RIYADH – Women of various specialties in the IT sector gathered on Wednesday at the Women Spark, an initiative by Microsoft in cooperation with Alawwal Bank that aims to promote innovation and excellence in the career development of women.

“In Saudi Arabia, female graduates in the IT sector are more than half. We see them working in different specialties,” says Deemah Alyahya, executive director of the Developer Experience and Digital Innovation at Microsoft. “I do see major improvements in females in IT.”

Attendance of females is usually higher in events and training, she notes, an indication that there is a passion and willingness to be more visible in the field.

“The challenge is for women to lead positions in senior management. A lot of females continue to become independent contributors and come to a plateau,” says Alyahya who is the first Saudi female to hold an executive position at Microsoft. “They don’t increase their skills because either they don’t have the confidence to become a CTO or CIO.”

Asked about her role in empower women in the industry, she told Saudi Gazette: “My ambition is to empower women in IT in the Kingdom. As a Saudi IT professional, I feel obligated to support other females in this sector and to enable them with knowledge, networking, software, skills, and whatever they need for them to grow. That’s why I created Women’s Spark and want it to expand it more to females in other sectors because we are now going through a digital transformation in all fields and specialties.”

After three years of the initiative, this year alone Women Spark graduated 30 female cloud experts and architects.

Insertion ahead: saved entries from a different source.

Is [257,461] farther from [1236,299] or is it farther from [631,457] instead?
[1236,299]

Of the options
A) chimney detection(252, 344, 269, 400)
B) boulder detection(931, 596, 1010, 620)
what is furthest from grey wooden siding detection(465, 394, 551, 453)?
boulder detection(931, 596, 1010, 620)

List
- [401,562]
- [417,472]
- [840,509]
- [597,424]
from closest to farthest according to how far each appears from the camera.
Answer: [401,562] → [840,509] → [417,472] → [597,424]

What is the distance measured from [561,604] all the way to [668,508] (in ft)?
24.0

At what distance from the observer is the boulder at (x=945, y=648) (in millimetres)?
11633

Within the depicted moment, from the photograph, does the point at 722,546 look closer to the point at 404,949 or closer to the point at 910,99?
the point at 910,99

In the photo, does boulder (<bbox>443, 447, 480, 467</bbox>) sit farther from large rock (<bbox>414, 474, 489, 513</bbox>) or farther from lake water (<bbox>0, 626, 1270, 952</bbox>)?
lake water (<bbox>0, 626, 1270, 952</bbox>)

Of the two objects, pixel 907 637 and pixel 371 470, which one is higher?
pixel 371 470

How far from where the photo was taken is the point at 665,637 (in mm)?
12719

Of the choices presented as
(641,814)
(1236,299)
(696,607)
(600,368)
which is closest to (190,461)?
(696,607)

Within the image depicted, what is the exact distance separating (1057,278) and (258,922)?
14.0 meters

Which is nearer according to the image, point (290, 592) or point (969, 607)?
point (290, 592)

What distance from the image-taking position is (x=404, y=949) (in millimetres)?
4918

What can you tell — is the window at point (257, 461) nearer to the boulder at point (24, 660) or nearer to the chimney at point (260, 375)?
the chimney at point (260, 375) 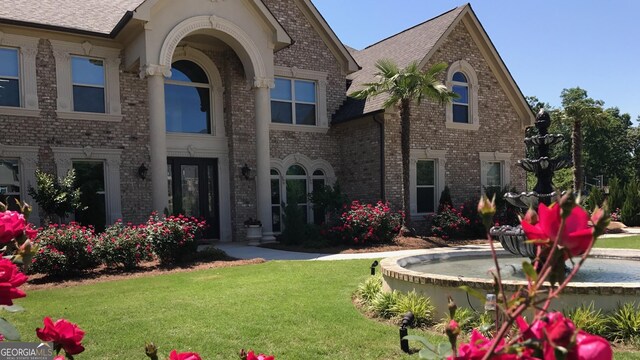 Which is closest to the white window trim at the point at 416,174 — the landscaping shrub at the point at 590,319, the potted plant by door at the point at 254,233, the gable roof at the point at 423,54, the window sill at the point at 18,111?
the gable roof at the point at 423,54

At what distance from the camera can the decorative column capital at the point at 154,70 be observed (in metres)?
13.6

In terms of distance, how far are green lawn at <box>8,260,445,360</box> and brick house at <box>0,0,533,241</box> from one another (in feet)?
20.0

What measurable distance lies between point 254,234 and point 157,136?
4.51 meters

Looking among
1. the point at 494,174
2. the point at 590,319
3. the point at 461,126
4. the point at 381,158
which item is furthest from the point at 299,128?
the point at 590,319

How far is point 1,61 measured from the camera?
44.4 feet

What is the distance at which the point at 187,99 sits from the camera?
1667 cm

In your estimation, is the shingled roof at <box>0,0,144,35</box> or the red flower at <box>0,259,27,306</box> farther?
the shingled roof at <box>0,0,144,35</box>

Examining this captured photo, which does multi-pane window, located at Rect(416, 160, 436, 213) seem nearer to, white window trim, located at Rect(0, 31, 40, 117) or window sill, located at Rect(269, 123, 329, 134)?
window sill, located at Rect(269, 123, 329, 134)

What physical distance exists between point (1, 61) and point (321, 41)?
10959 mm

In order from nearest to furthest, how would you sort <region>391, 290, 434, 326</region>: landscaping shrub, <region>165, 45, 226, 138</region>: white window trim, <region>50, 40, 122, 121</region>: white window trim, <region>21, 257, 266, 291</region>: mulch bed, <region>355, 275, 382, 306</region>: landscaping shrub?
<region>391, 290, 434, 326</region>: landscaping shrub → <region>355, 275, 382, 306</region>: landscaping shrub → <region>21, 257, 266, 291</region>: mulch bed → <region>50, 40, 122, 121</region>: white window trim → <region>165, 45, 226, 138</region>: white window trim

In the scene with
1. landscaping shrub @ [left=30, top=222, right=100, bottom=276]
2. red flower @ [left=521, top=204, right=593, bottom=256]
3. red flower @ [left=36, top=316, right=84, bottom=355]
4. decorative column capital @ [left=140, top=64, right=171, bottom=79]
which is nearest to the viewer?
red flower @ [left=521, top=204, right=593, bottom=256]

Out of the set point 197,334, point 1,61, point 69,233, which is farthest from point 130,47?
point 197,334

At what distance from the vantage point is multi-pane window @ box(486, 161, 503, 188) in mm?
20328

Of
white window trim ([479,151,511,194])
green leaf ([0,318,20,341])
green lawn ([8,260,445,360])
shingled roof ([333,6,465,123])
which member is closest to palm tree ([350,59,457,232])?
shingled roof ([333,6,465,123]) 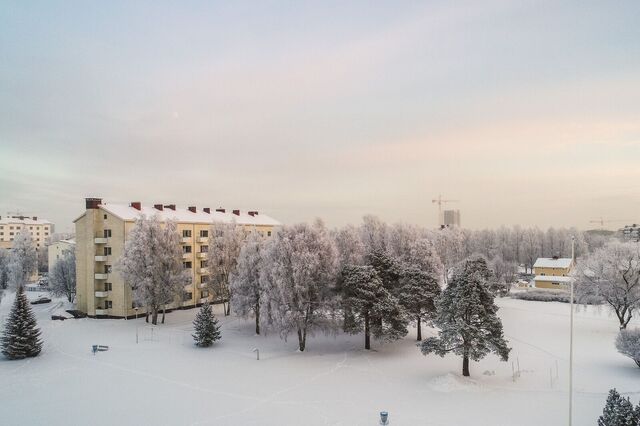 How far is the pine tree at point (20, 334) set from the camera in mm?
34688

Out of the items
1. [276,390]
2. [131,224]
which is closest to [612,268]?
[276,390]

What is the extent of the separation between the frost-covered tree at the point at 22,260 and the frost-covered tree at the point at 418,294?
7119 cm

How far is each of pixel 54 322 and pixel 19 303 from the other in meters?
15.5

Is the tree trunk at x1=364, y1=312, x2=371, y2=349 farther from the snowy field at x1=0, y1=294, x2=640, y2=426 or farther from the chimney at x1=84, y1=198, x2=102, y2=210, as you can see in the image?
the chimney at x1=84, y1=198, x2=102, y2=210

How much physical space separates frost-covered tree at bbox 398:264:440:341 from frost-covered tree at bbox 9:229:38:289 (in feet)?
234

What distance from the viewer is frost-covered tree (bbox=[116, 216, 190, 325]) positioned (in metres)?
47.2

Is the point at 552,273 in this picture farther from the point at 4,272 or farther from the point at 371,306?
the point at 4,272

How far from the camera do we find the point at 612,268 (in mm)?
45875

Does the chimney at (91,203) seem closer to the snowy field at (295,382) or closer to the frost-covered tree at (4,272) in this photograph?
the snowy field at (295,382)

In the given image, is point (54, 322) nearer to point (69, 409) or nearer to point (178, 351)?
point (178, 351)

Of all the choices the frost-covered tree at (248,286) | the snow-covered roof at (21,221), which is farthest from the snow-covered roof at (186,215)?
the snow-covered roof at (21,221)

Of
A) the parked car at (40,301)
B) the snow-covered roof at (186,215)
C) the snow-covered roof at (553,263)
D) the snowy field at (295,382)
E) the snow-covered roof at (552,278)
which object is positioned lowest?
the parked car at (40,301)

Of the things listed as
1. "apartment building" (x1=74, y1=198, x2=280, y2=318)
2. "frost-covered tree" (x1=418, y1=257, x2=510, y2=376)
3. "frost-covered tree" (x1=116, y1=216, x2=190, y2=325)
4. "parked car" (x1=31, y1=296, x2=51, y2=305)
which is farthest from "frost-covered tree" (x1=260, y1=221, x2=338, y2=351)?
"parked car" (x1=31, y1=296, x2=51, y2=305)

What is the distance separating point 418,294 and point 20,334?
33581 mm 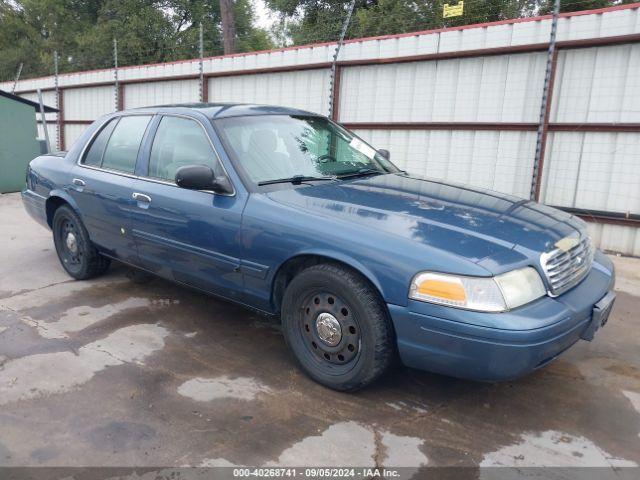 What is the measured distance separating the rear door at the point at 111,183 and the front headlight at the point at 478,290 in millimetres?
2512

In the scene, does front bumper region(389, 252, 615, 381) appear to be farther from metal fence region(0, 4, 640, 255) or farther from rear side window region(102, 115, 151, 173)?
metal fence region(0, 4, 640, 255)

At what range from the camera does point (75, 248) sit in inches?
205

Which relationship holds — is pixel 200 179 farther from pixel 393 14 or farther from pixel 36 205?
pixel 393 14

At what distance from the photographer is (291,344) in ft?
11.1

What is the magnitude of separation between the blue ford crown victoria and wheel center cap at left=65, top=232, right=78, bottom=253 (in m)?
0.51

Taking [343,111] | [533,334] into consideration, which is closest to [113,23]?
[343,111]

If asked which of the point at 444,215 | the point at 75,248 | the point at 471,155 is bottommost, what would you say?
the point at 75,248

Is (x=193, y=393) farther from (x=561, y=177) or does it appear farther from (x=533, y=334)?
(x=561, y=177)

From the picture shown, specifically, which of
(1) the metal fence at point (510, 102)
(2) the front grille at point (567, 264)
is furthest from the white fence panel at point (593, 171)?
(2) the front grille at point (567, 264)

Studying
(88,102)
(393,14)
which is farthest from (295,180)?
(393,14)

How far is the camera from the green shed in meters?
10.7

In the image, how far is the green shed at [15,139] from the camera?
10.7 meters

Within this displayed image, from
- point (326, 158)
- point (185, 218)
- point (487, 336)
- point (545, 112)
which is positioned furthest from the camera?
point (545, 112)

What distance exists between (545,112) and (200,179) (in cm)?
516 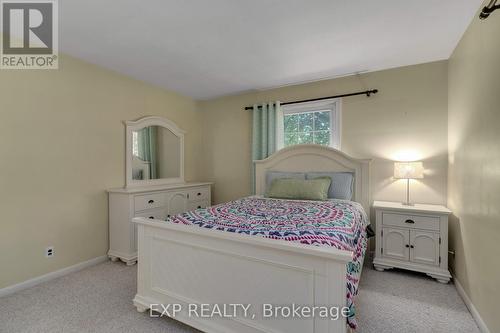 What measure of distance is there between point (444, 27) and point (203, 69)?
8.10 ft

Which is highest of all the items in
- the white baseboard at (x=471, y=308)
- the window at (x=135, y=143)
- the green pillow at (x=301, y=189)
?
the window at (x=135, y=143)

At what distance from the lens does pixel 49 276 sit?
2404 mm

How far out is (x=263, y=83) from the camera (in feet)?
11.4

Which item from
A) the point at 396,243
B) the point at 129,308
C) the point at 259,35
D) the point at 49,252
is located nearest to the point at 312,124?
the point at 259,35

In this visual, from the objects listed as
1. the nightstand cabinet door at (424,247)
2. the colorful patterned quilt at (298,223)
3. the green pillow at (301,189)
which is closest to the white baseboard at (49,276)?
the colorful patterned quilt at (298,223)

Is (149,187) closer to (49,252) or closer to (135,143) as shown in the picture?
(135,143)

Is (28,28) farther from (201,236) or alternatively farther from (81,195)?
(201,236)

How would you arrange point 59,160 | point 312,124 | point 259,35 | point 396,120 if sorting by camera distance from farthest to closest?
1. point 312,124
2. point 396,120
3. point 59,160
4. point 259,35

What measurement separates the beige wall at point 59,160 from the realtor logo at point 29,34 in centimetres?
10

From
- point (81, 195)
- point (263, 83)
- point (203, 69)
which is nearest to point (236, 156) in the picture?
point (263, 83)

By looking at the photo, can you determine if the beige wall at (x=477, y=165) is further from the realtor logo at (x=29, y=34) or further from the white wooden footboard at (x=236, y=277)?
the realtor logo at (x=29, y=34)

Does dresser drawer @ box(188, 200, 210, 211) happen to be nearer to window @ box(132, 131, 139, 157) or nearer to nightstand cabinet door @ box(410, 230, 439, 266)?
window @ box(132, 131, 139, 157)

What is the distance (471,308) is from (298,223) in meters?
1.53

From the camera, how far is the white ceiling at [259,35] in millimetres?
1797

Women in various fields shared success stories and discussed ways to collaborate.

Budoor Ashadawi, who is acting manager of an e-commerce store by day and runs her own entrepreneurship venture by night, says women need to empower each other. “Women can do anything they believe in,” she told Saudi Gazette.

Ashadawi hired a majority of her staff Saudi female graduates. “It wasn’t easy but I feel I have an obligation to give back,” she says. “I found that females are not only hard workers, they are loyal and dedicated.”

Young engineer Aljawharah Alqahtani founded Fixtag, a business in repairing mobile phones. “Girls can do anything from fixing to creating things,” she said commenting on the male-dominated sector of mobile repairing.

Sara Oulddaddah, a leading female gamer in the Kingdom, says there is a community reaching up to 15,000 gamers and developers. She says, “We need to empower each other. In the gaming industry, we have amazing developers, artists and talents. I’m hoping to have an industry to have all these ladies to work together.”